▶ SUPPLIED MATERIAL:
════
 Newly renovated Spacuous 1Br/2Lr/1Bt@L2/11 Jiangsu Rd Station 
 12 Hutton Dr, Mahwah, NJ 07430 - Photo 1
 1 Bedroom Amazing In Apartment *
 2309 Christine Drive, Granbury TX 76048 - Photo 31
════
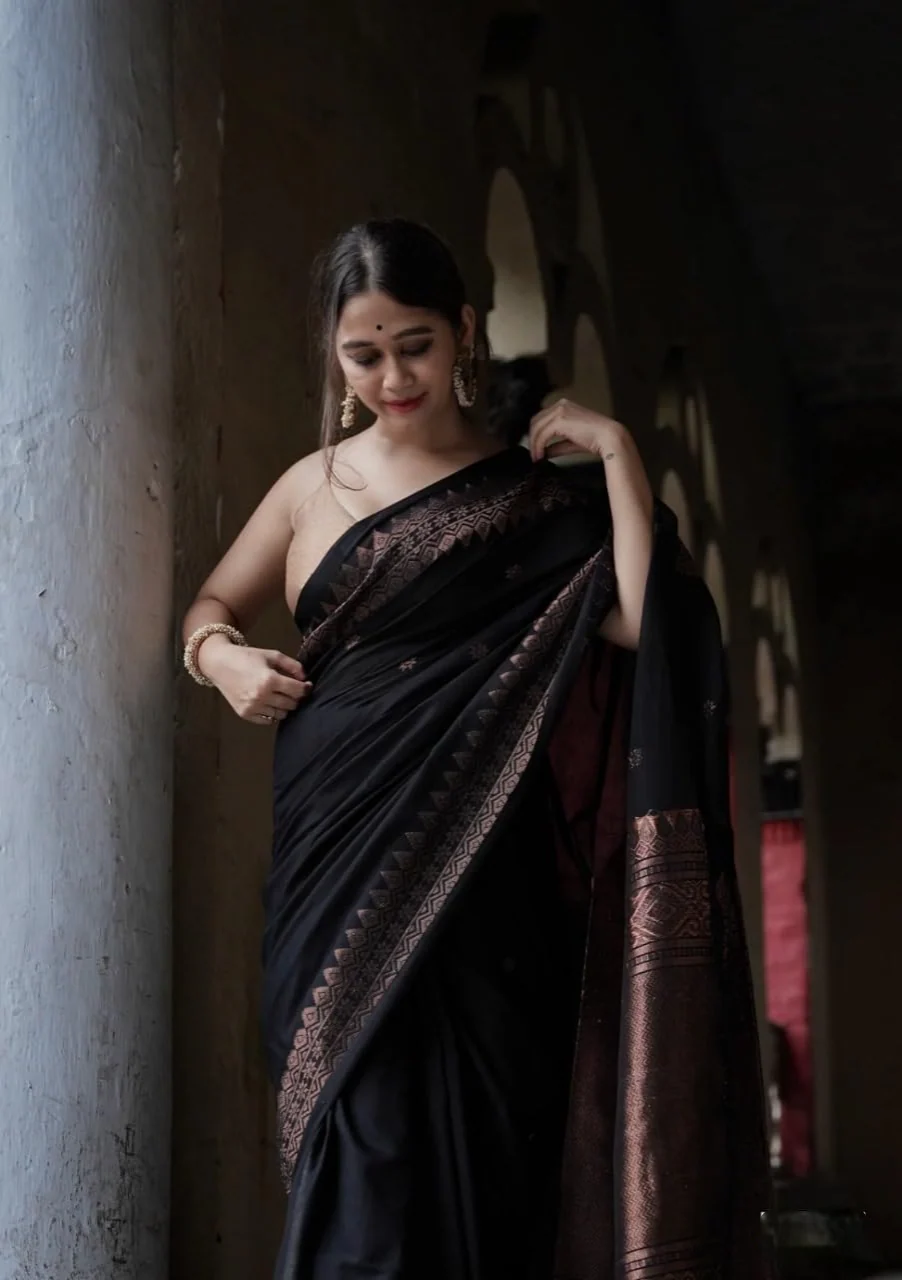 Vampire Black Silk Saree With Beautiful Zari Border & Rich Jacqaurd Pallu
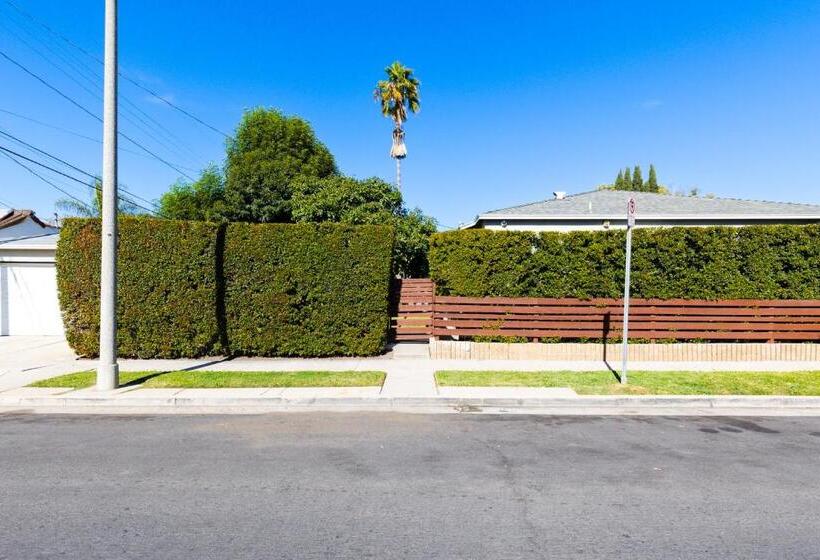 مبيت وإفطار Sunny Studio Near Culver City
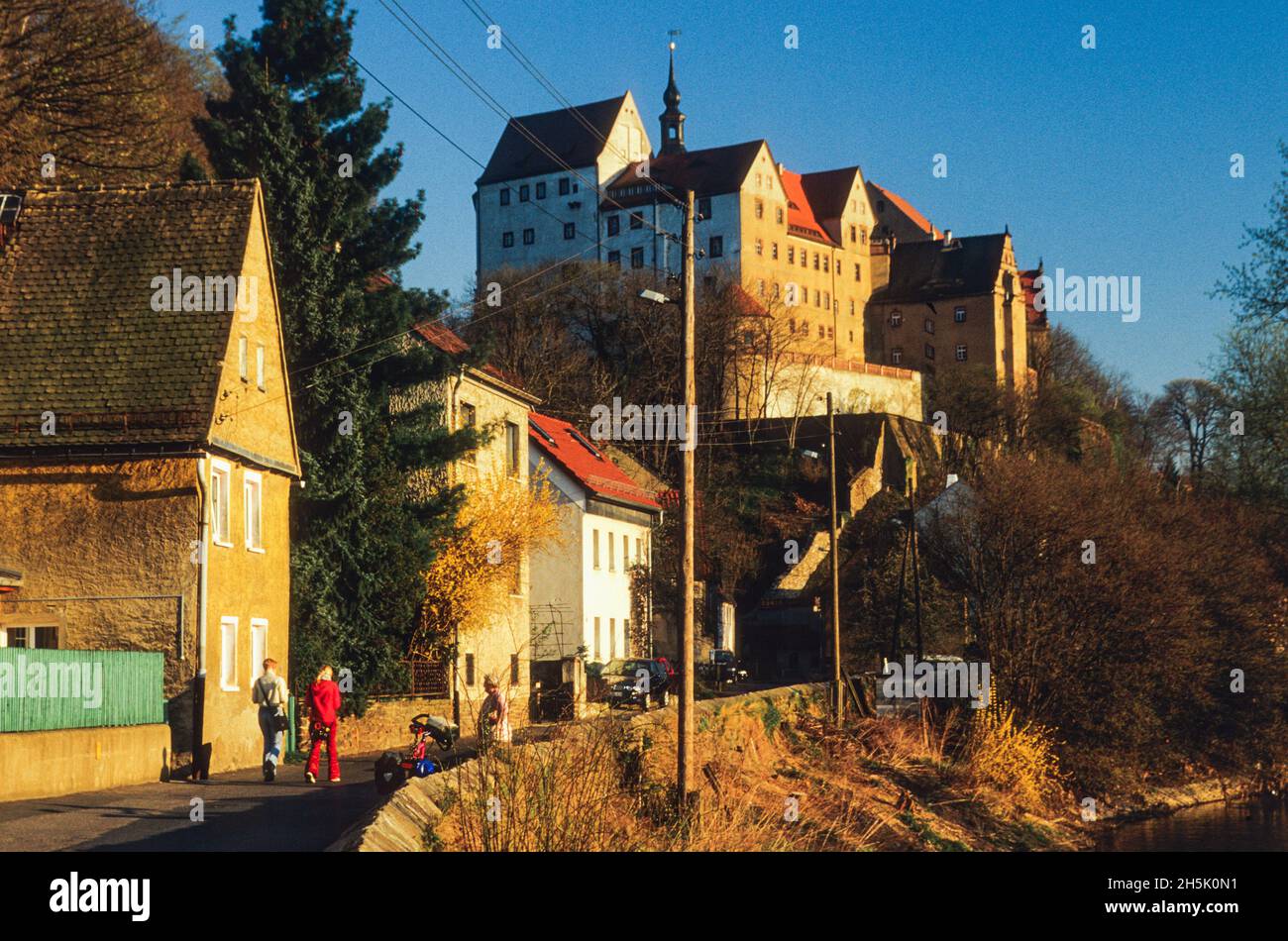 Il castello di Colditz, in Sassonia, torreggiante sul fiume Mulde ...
════
▶ WHAT YOU WILL DO: If a line in the data above includes the string "Photo", copy it.

▶ REPLY:
 12 Hutton Dr, Mahwah, NJ 07430 - Photo 1
 2309 Christine Drive, Granbury TX 76048 - Photo 31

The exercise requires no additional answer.